I’m never going to have the experience of my own maturation against this text, because I’ve devoured it all in one gulp.

My argument would be that if you want people to be more sensitive toward certain, say, issues and problems, it’s better to find the people who are already sensitive to those issues and problems, and give them a bigger stake in your augmentation system.

Tish Shute: Yes the social augmented experiences are going to be the most valuable.

Bruce Sterling: Say that I am really worried about public health. Well, if I have a lot of nurses that are using my system, people who are aware of my issues, then I could be walking around and I’ll see a lot more tags saying, “This is where he got food poisoning!” “In this shooting gallery, many people have caught AIDS!” Or, you know, “Tuberculosis has been spotted over here in this building.”

At that point, I could simply share their knowledge and get some social intelligence. As opposed to trying to amp the basements of my little hacker-mind and drag stuff up that’s escaped my conscious attention.

Tish Shute: Interesting that seems to bring us to another kind of repetitive theme in AR, the people tend to pigeon hole it as “merely” a visual interface. But actually, it’s the intersection, isn’t it, of social intelligence and augmentation.

Bruce Sterling: Well, it depends entirely on how you design the system. If I’ve got a military augmented reality, I would expect that to be mostly about urban fighting. It’s going to be about kicking in a door and shooting terrorists. If I pull that helmet off my head and put that on the head of an emergency worker or a cop, I’m going to get a militarized cop or a militarized emergency worker.

Tish Shute: Well the histories of the two great mass media of the twentieth century – TV and the atomic bomb were intertwined, and I suppose the evolution of ubiquitous media, augmented reality and urban warfare is already intertwined too.  So how can we encourage augmented realities to move beyond military roots that is common to much technology and into more peaceful urban realities?
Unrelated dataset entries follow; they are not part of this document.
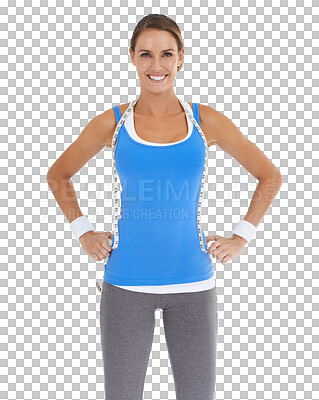 Buy stock photo Portrait, exercise and woman with fitness, tape measure or model isolated on a transparent background. Female person, girl or athlete with progress, workout goal or target with png or checking health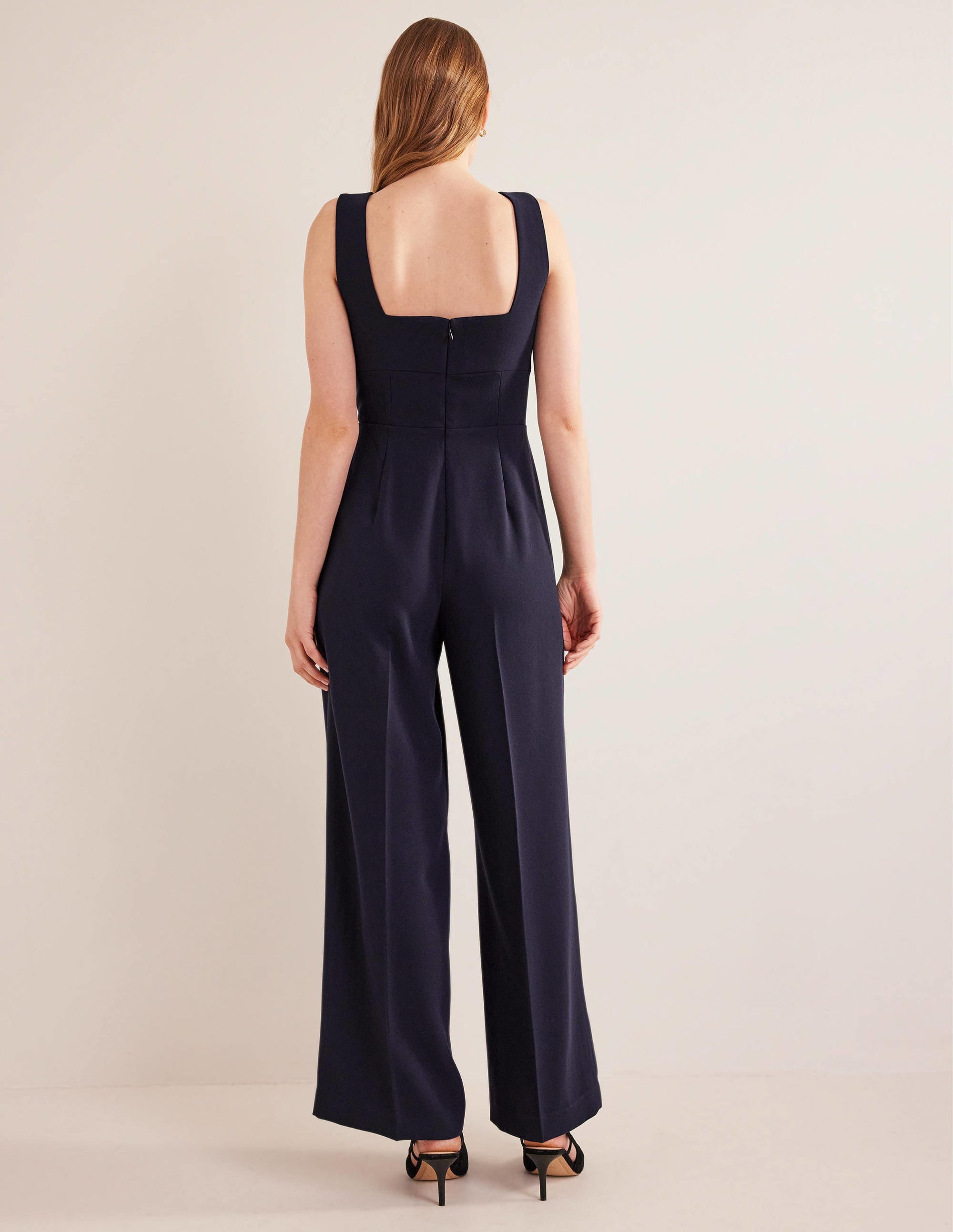 Sweetheart Wideleg Jumpsuit-Navy - Image 3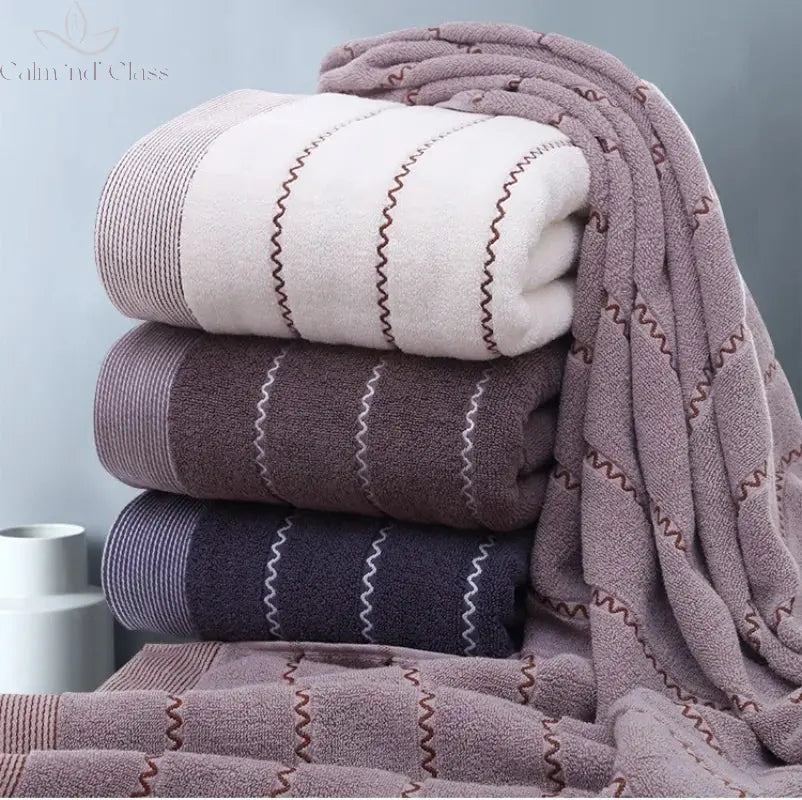 Set of 3 Cotton Bathroom Towels Sets 2pcs Hand Face Towel 35x75cm and 1pcs Big Bath Towels 70X140cm Washcloths Gift Towels 수건 세트 Calm and Class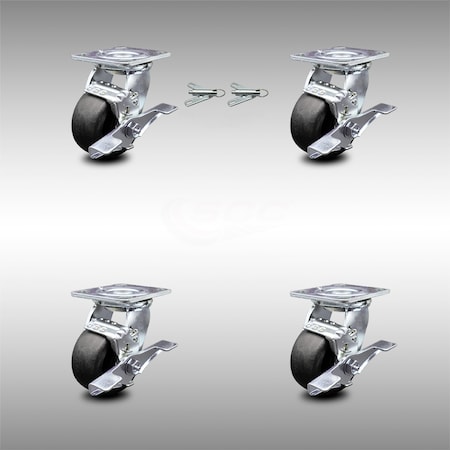 Service Caster 4 Inch SS Glass Filled Nylon Caster Set with Roll Bearings 4 Brake 2 Swivel Lock SCC-SS30S420-GFNR-TLB-BSL-2-TLB-2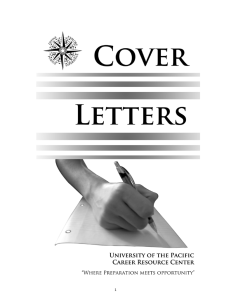 Cover Letter Handbook - University of the Pacific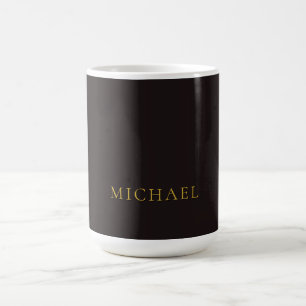 Lakrits Svart Guld Minimalistisk Enkel Modern Namn Kaffemugg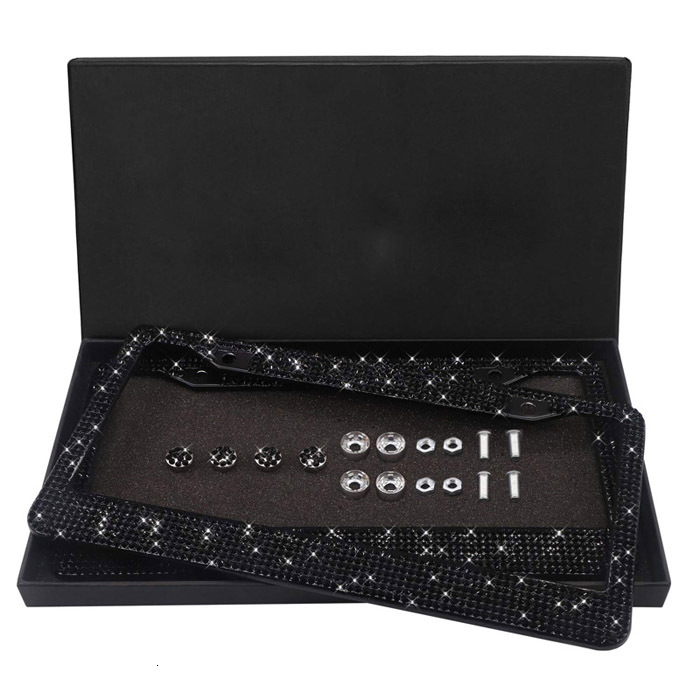 2 Pack Luxury Handcrafted Bling Rhinestone Premium Crystal Car License Plate Frame For USA Canada Truck Women Grils Accessries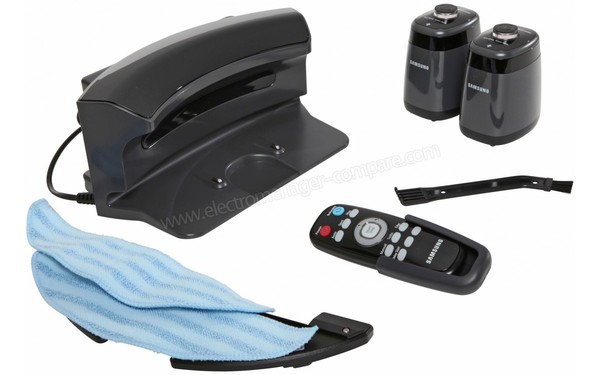 SAMSUNG SR8895 - Base de charge / Murs virutels / T&eacute;l&eacute;commande / Lingette micro-fibres / Brosse de nettoyage (cr&eacute;dit : Boulanger)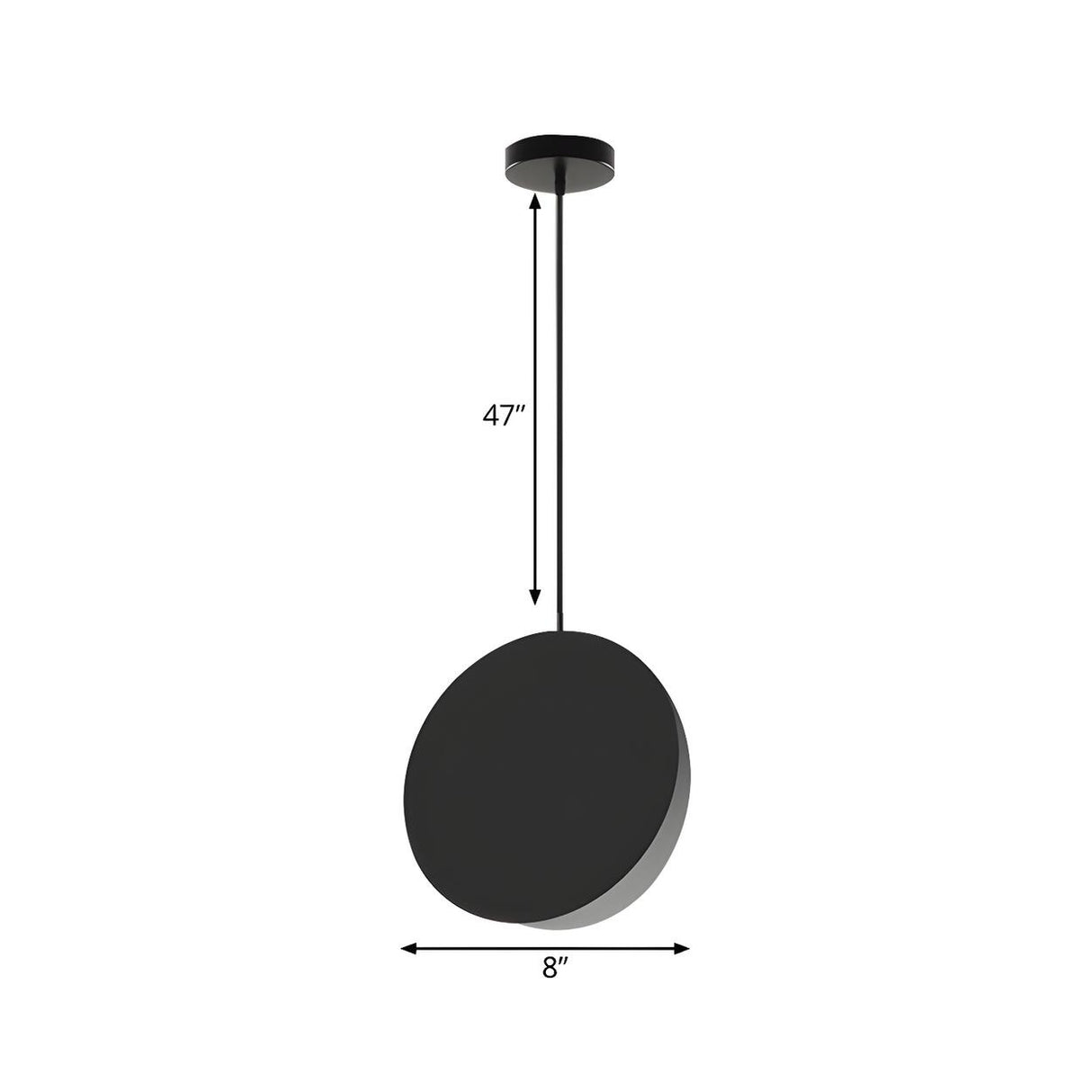 Minimalist Modern Sleek Black Metal Disc Pendant Light 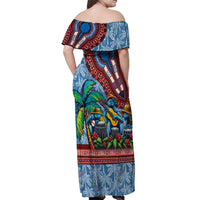 Afro-Caribbean Off Shoulder Maxi Dress African Dashiki Style with Caribbean Music with Blue Iguanas - Wonder Print Shop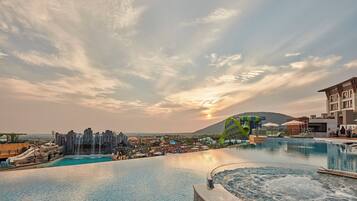 Indoor pool, outdoor pool, pool cabanas (surcharge), lifeguards on site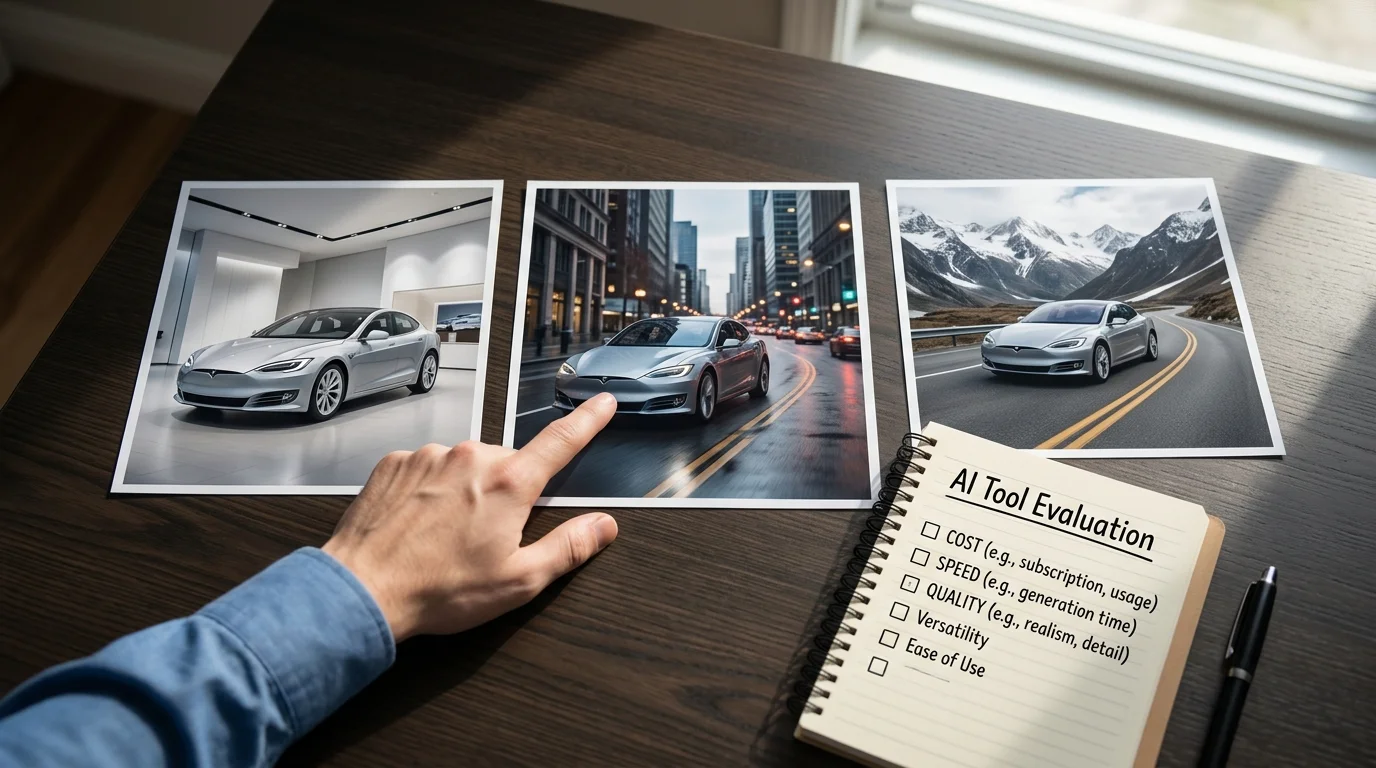 Person comparing car photos with different AI-generated backgrounds on a table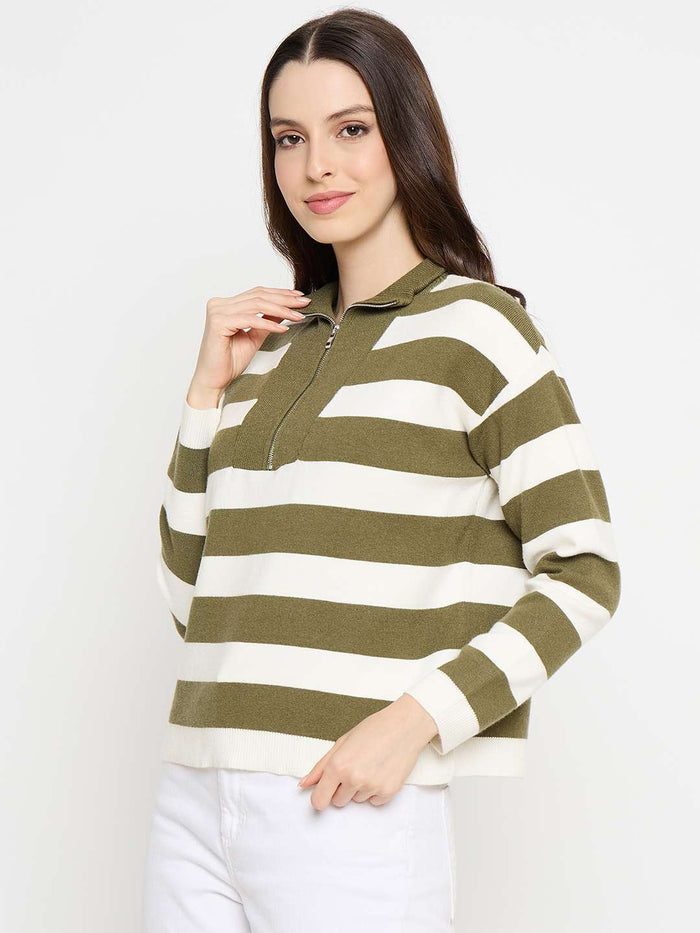 Madame Striped Zip Up Olive Green Sweater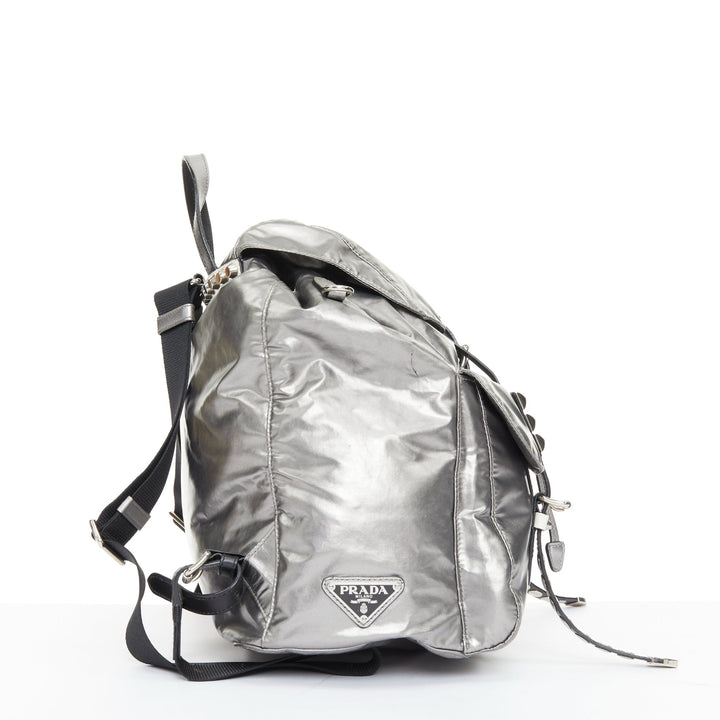 PRADA 2018 Runway New Vela metallic punk studded leather strap nylon backpack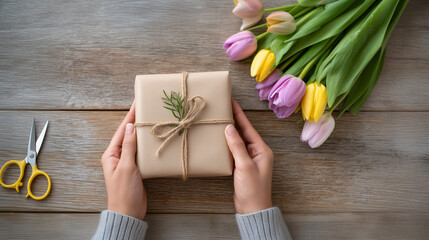 Hands Holding Wrapped Gift Box with Fresh Spring Tulips on Rustic Wood Table Top View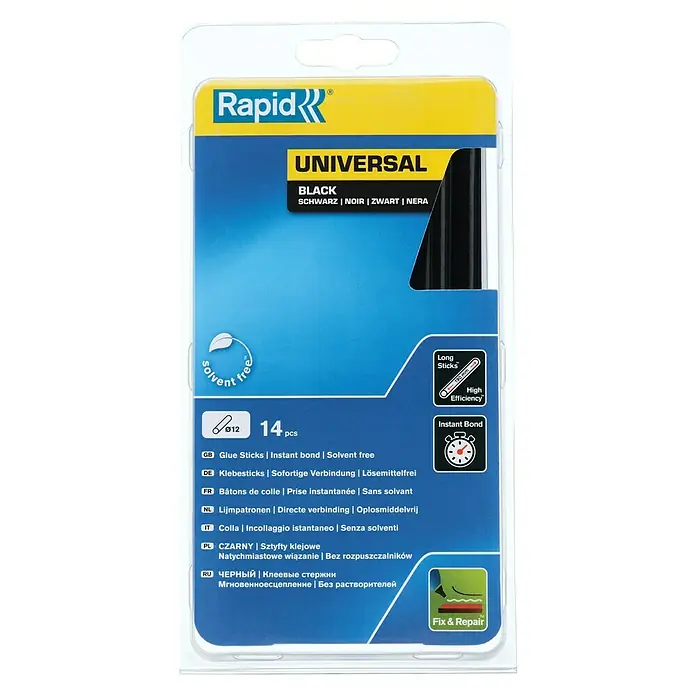 Rapid Barras termoadhesivas - 12 mm, Negro, 250 g - Vista frontal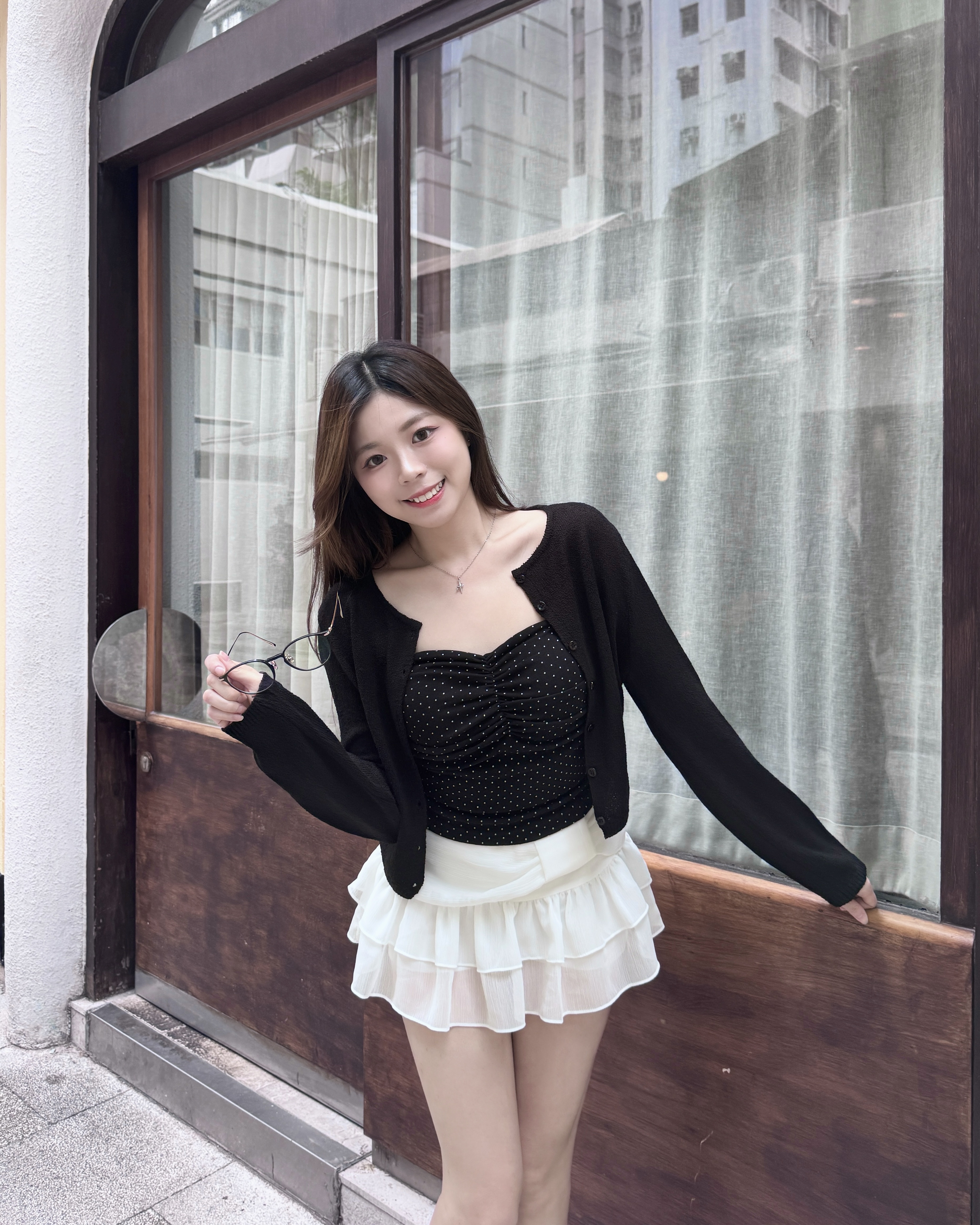 【 視覺效果放大！ATTENTION🕶️🔥 | 甜辣感配大熱波點元素～🖤心形領皺褶連PAD背心⋆˚ʚɞ】 Dot Dot Heart-neck Tube Bra Top(四色入)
Bruce Sterling: Well, it’s a matter of deciding whose reality it is that you’re trying to augment. I’m not trying to be a bleeding heart about it, but obviously there are people in our society right now with reality that could really use some augmentation. They are mostly disadvantaged people. They are vision impaired, or maybe they have autism. They might be senile and just can’t remember where they put their shoes. These are people who could really use some help, right?

So, start with people who really need sensory or cognitive help. Before you turn our geeks into Superman, why don’t you try turning some people who are harmed into more functional individuals? Then you’ll be able to learn how to do that. Then maybe you can ramp it up to these Nietzschian heights of the superb Man With the X-ray Eyes. Whatever.

Tish Shute: Did you notice that a couple of apps actually like TagWhat have apps geared towards people with disabilities – I haven’t had a chance to check it out.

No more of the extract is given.